Sample index from probability distribution
Company: LinkedIn
Role: Machine Learning Engineer
Category: Coding & Algorithms
Difficulty: medium
Interview Round: Onsite
You are given a discrete probability distribution for an \(M\)-sided die as an array `p[0..M-1]`, where each `p[i]` is non-negative.
Design a function `sample(p) -> int` that returns a random index `i` such that:
- \(\Pr(sample(p)=i) = p[i] / \sum_j p[j]\)
### Requirements
- The function will be called many times with the same `p`.

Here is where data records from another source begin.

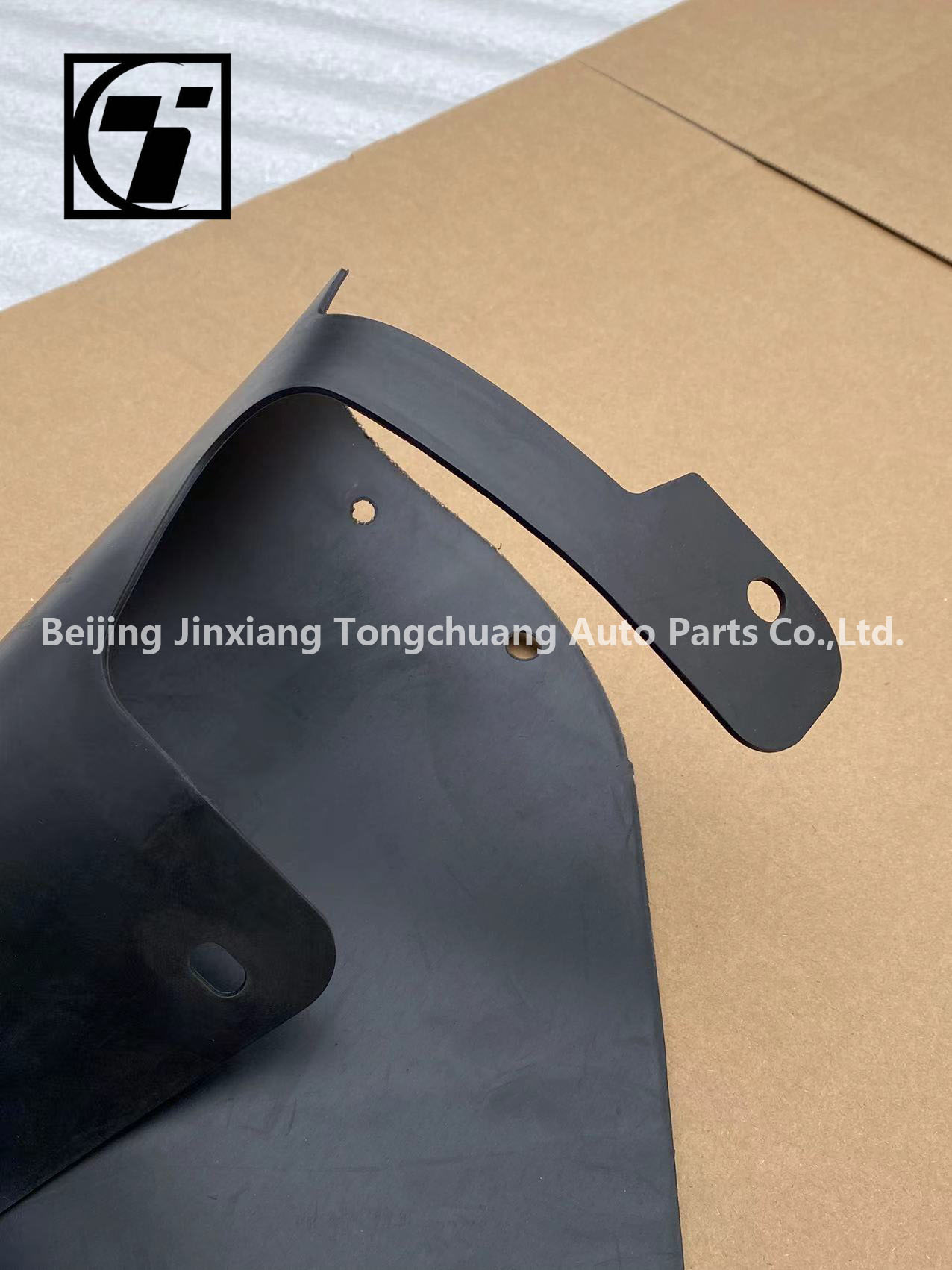 Foton Tuolu Sapu Anti-Splash Car Fenders Mud Shield Skirt P1543010010A0 P1543010011A0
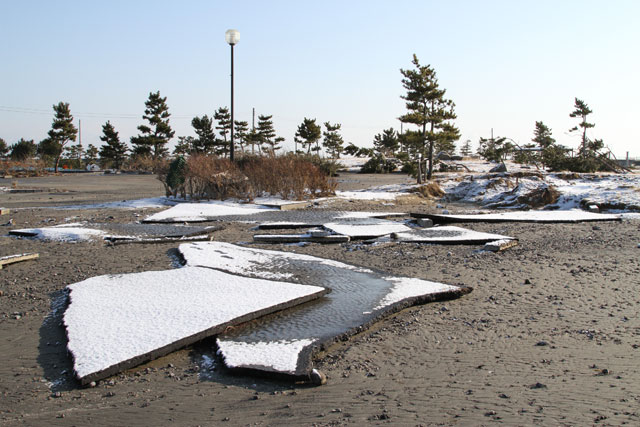 Damage / Taneichi office of Iwate Sea-Farming Association / Product promotion center / Seaside park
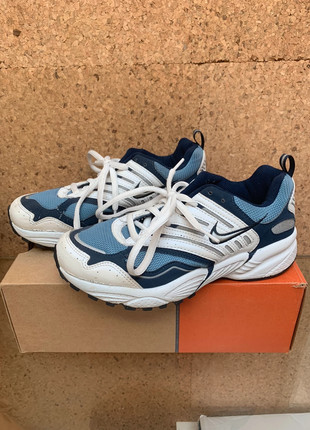 Nike air 2025 pegasus 2002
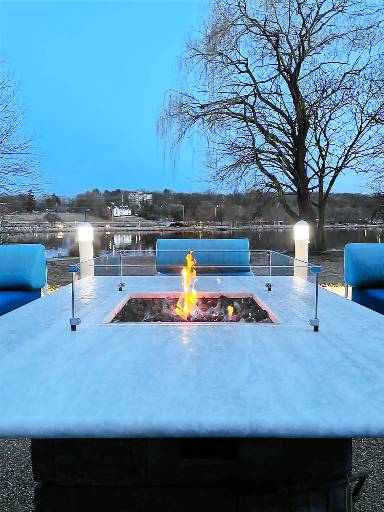 444 m² House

- Aim for \(O(\log M)\) time per sample after preprocessing.
### Follow-up
What if the probabilities do **not** sum to 1? Explain how your approach handles this.
### Clarifications
- Assume you have access to a random number generator that can produce a uniform float in \([0,1)\) or a uniform integer in a range.
- If \(\sum_j p[j] = 0\), you may define behavior (e.g., throw an error).
Quick Answer: This question evaluates proficiency in randomized algorithms and probability-based sampling, along with algorithmic preprocessing and data-structure design for efficient repeated sampling.
Sample indices from non-negative weights using explicit uniform tickets and binary search over cumulative sums.
Constraints
- Inputs are Python literals matching the function signature.
- Return a deterministic exact-match value.
Examples
Input: ([0.2,0.3,0.5], [0.0,0.2,0.51,0.99])
Expected Output: [0, 1, 2, 2]
Explanation: Cumulative sampling with explicit uniform tickets.
Input: ([2,3], [0.0,0.4,0.99])
Expected Output: [0, 1, 1]
Explanation: Weights need not sum to one.
Hints
- Clarify edge cases before coding.
- Keep the return value deterministic.